Unilateral ureteral obstruction (UUO), unilateral ischemia-reperfusion injury (UIRI) mouse models were established. PCR, cleavage under targets and tagmentation (CUT&Tag) and Western blotting was performed to evaluate the expression of EZH2 and phosphoenolpyruvate carboxykinase 1 (PCK1).


By using EZH2 inhibitor 3-DZNeP and Ezh2 conditional knockout mice, we confirmed the pro-fibrotic effect of EZH2 in unilateral ureteral obstruction (UUO). Through RNA sequence and cleavage under targets and tagmentation (CUT&Tag) sequence analysis, we found that the phosphoenolpyruvate carboxykinase 1 (PCK1), a critical enzyme in gluconeogenesis, is negatively regulated by EZH2 in fibrotic kidneys, which was further confirmed by quantitative PCR, CUT&Tag and Western blotting.
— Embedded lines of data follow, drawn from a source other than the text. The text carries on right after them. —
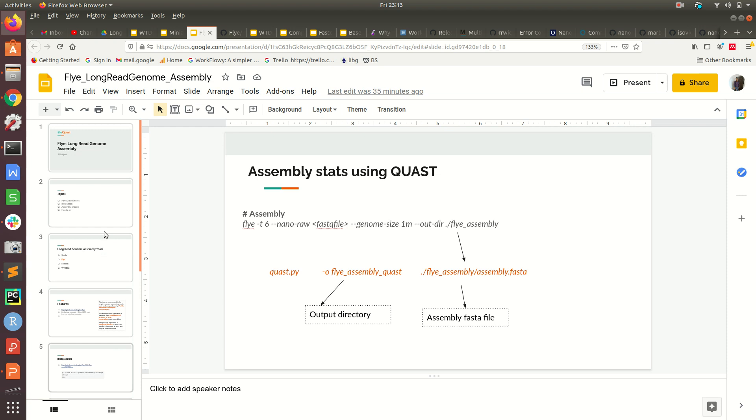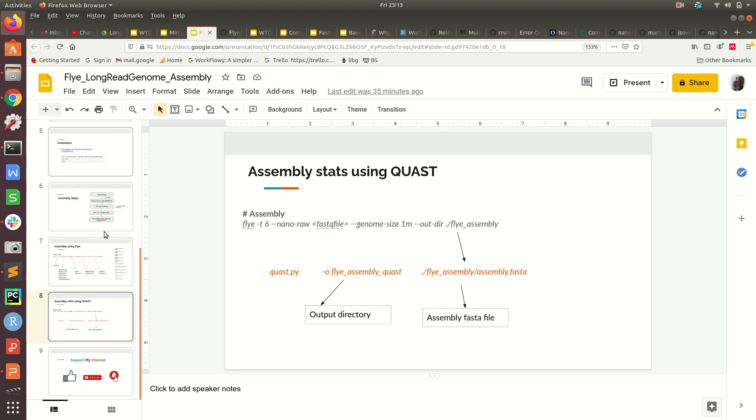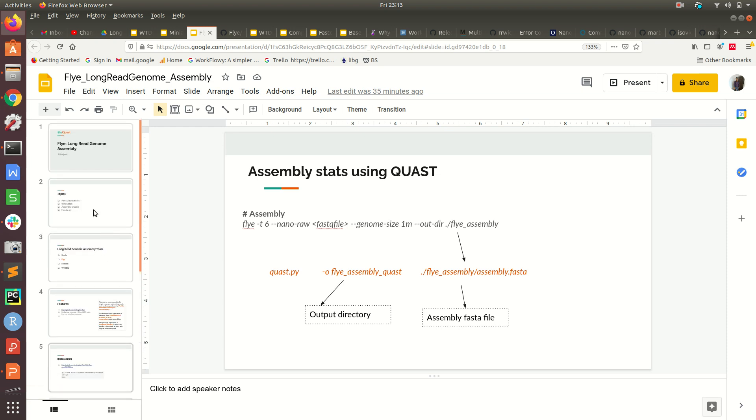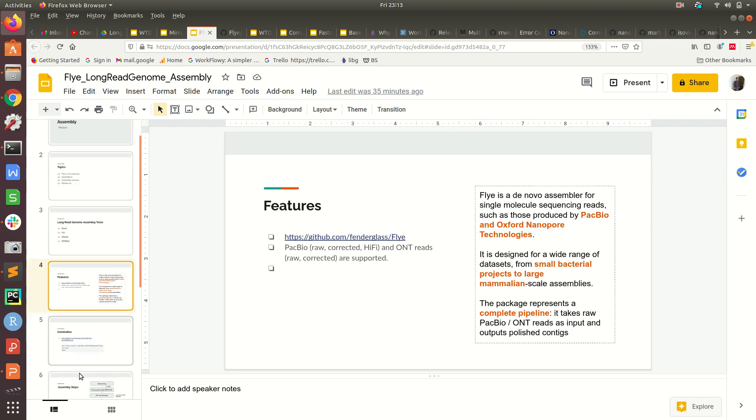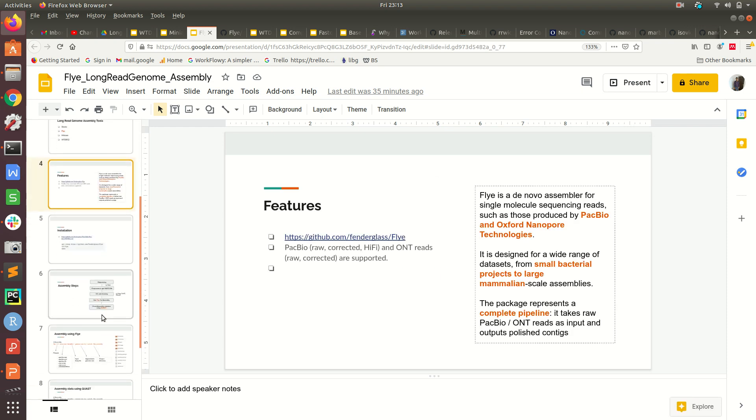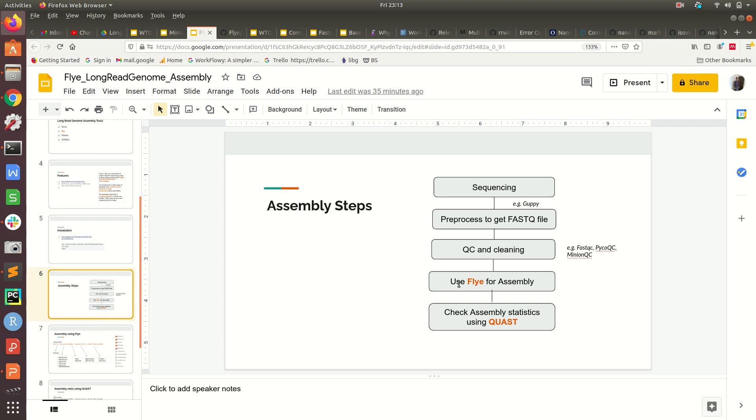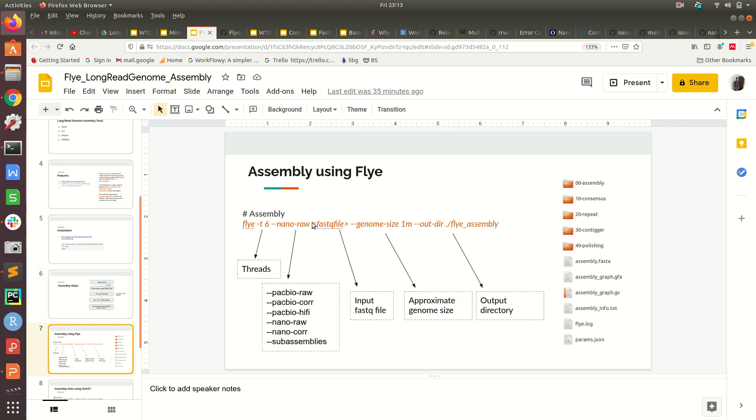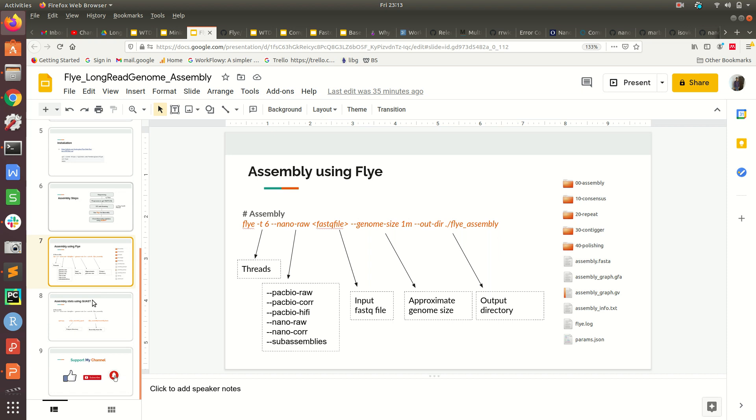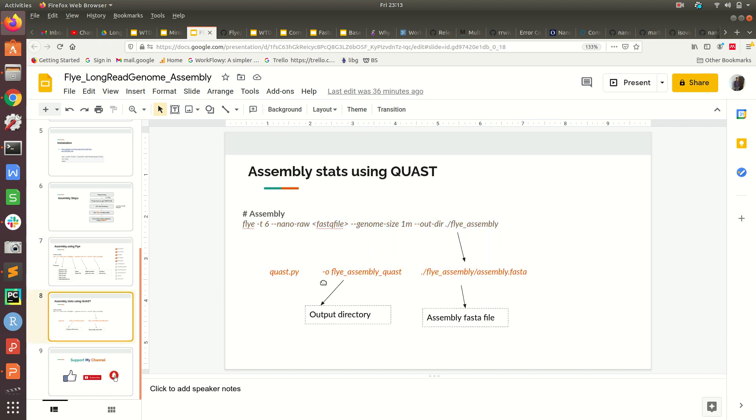In summary, we first used Flye for assembly. Once we got the FASTA file, we used QUAST to generate the statistics. In next videos, we will see other tools, and lastly we will use QUAST again to compare all the assemblies like Shasta, Flye, Miniasm and others to see how the assemblies vary from each other.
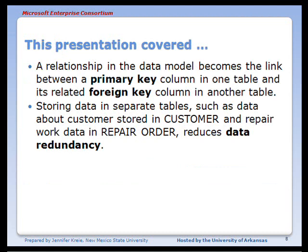So what we've seen in this presentation is how to implement the relationship shown in the data model when we actually build the database. The relationship becomes a link between a primary key column in one table and its related foreign key column in another table. We've also seen that using this relationship allows us to store data more efficiently and reduce data redundancy.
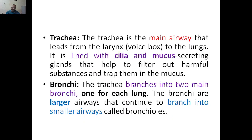Let's see what the trachea is. The trachea is nothing but the main airway — it leads from the larynx, which is the voice box, to the lungs. So from the larynx here down to the lungs, we have this structure which acts as the trachea. From the trachea, we then have the bronchias — the trachea divides into two different branches called bronchia or bronchus.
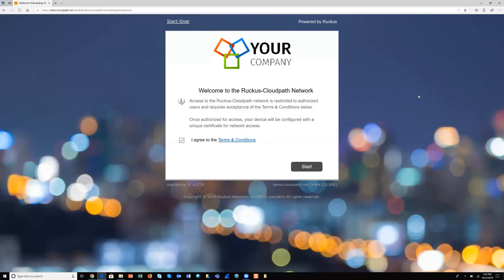This is a demo of a network onboarding process using Ruckus CloudPath Enrollment System from Comscope, our system for secure network access for any user on any device on any network. It's all about getting BYOD and guest users connected to the network quickly, easily, and securely with self-service workflows.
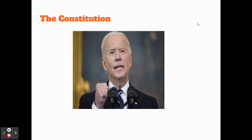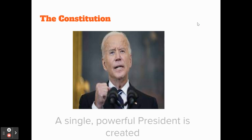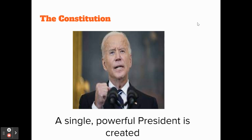The Constitution tries to fix that. There is definitely an executive branch that is created, and that executive branch is led by a single, powerful president. The position of president was one of the most debated things at the Constitutional Convention, but they ultimately decided that a single, powerful president leading an executive branch was necessary for a healthy and strong government.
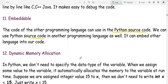Dynamic memory allocation — in Python we don't need to specify the data type of a variable. When we assign a value, it automatically allocates memory to the variable at runtime. For example, instead of writing int x = 15, we simply write x = 15. That is dynamic memory allocation. These are all the features of Python — that's all for today, thank you.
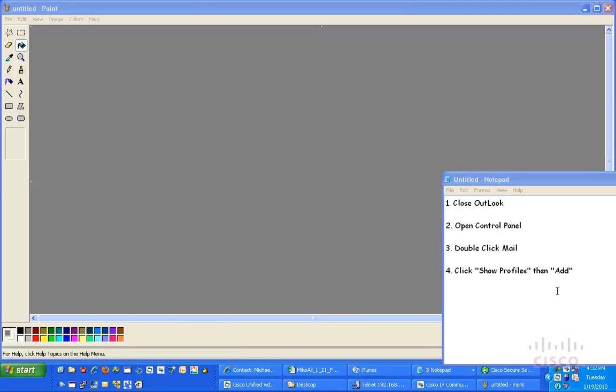So, the first thing I'm going to do is make sure all versions of Outlook are closed. Down here in the bottom right-hand corner of my taskbar, I don't see any Outlook, I don't see any messages, messages waiting, things like that, so I know my Outlook is closed.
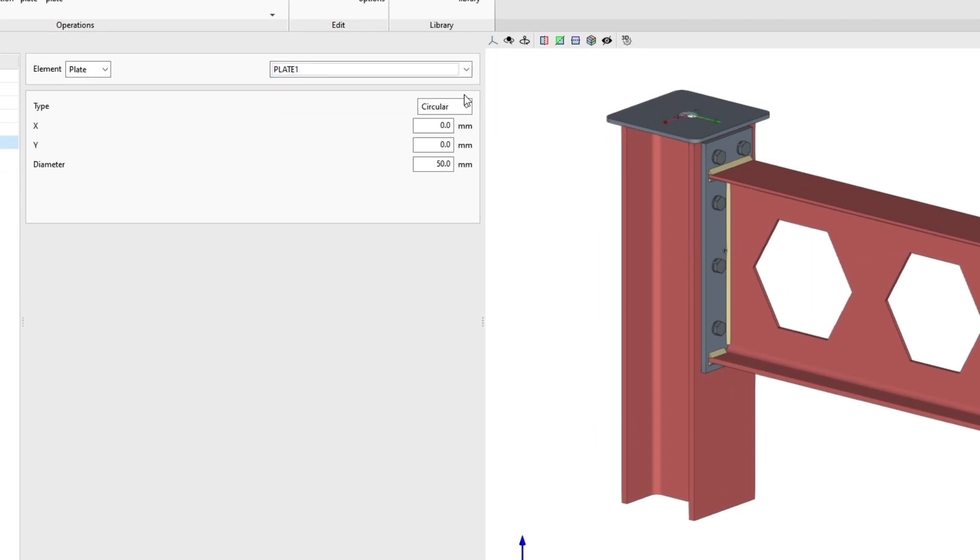Further on, under type, we select circular. To position a circular opening, we must enter the x and y coordinates of the center of the opening with respect to the local coordinate center of the element. Finally, we type in the diameter of the opening.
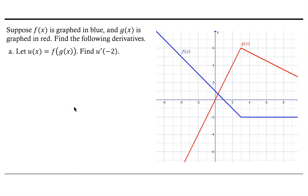Welcome! Let's take a look at finding the derivative of a composition of functions where the information we have about the two functions are provided in a graph. What I want you to notice here is that our two functions, f and g, are captured here in blue for f and in red for g.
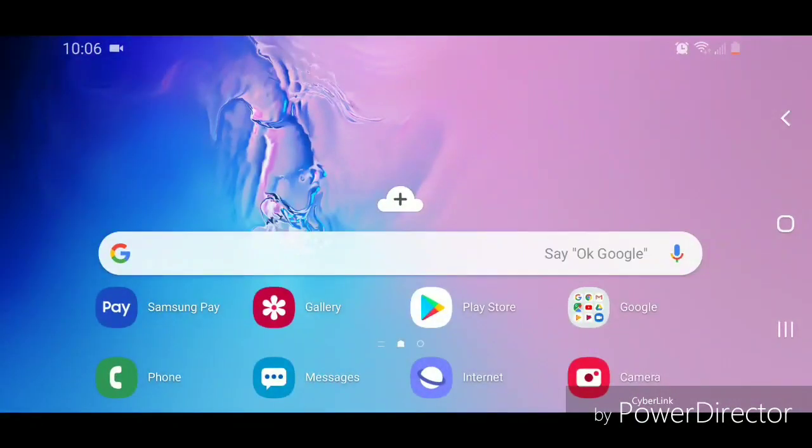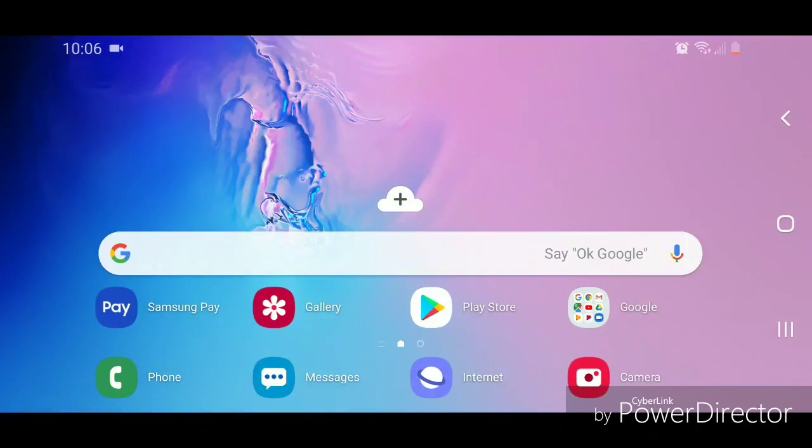All right, so that's how you change the home page in the Samsung Internet app. I hope you guys enjoyed this tutorial and I'll see you in my next video.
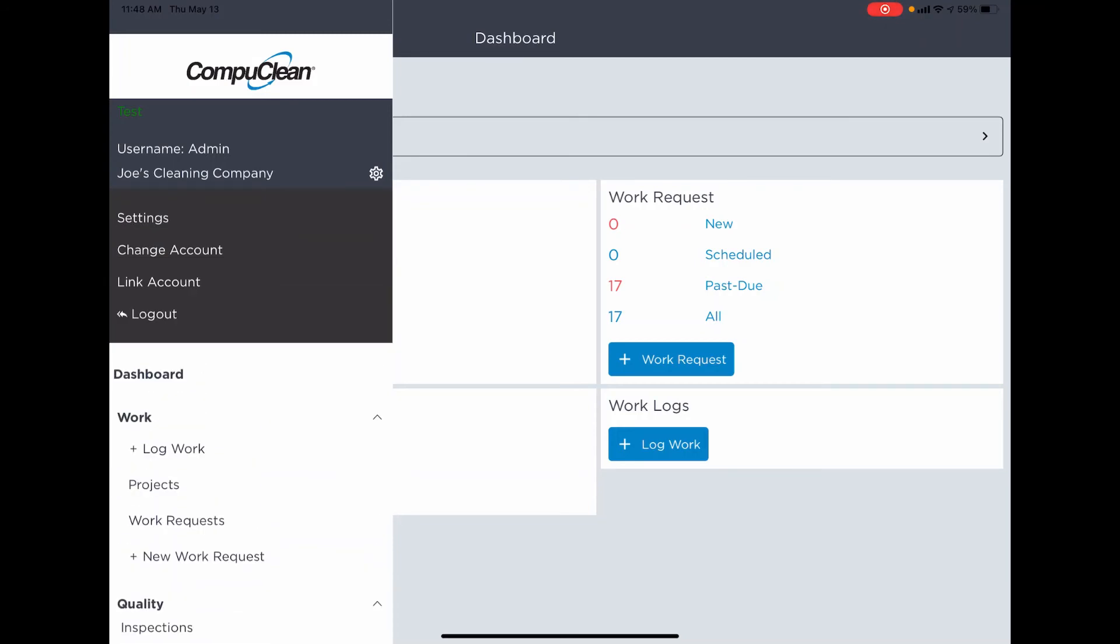We have the settings. We have the ability to change account from here. We can also relink the account. You shouldn't have to relink your account unless you're troubleshooting or going through some work with the CompuClean support team.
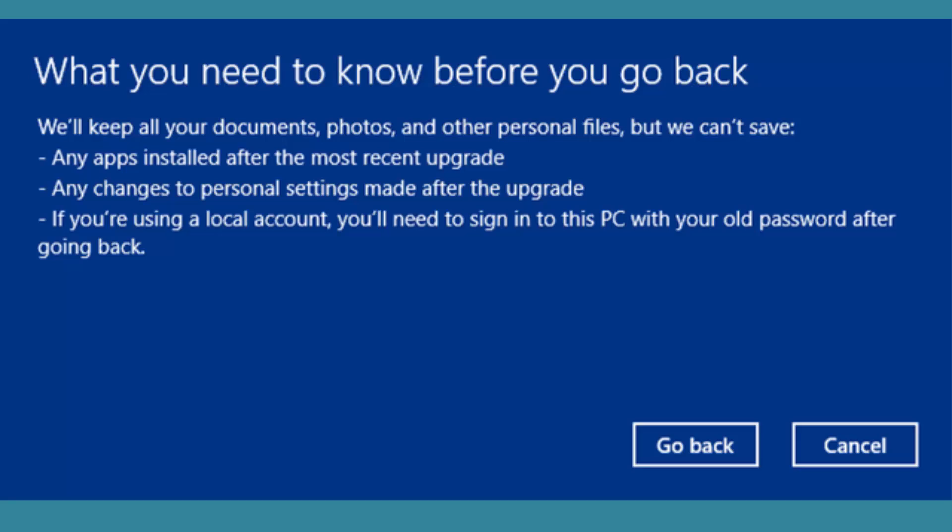You will have the older version of Windows 8.1. Two things to remember: one, you need to downgrade in the first month of upgrade iteration, and secondly, if you've deleted the older version of Windows 8.1 or reclaimed the hard disk space after the installation, you'll not be able to go back to Windows 8.1.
We further showed that deletion or inhibition of EZH2 inhibited renal fibrosis and enhanced PCK1 expression and activity in unilateral ischemia-reperfusion injury (UIRI) and folic acid induced mouse nephropathy. Moreover, the dysregulated production of renal glucose and lactate in mouse UUO kidneys was restored after EZH2 inhibition by 3-DZNeP. Finally, inhibition of PCK1 by 3-mercaptopropionic acid (3-MPA) abrogated the anti-fibrotic effect of 3-DZNeP in UUO kidneys.


We conclude that EZH2 promotes renal interstitial fibrosis through inhibition of PCK1 mediated gluconeogenesis.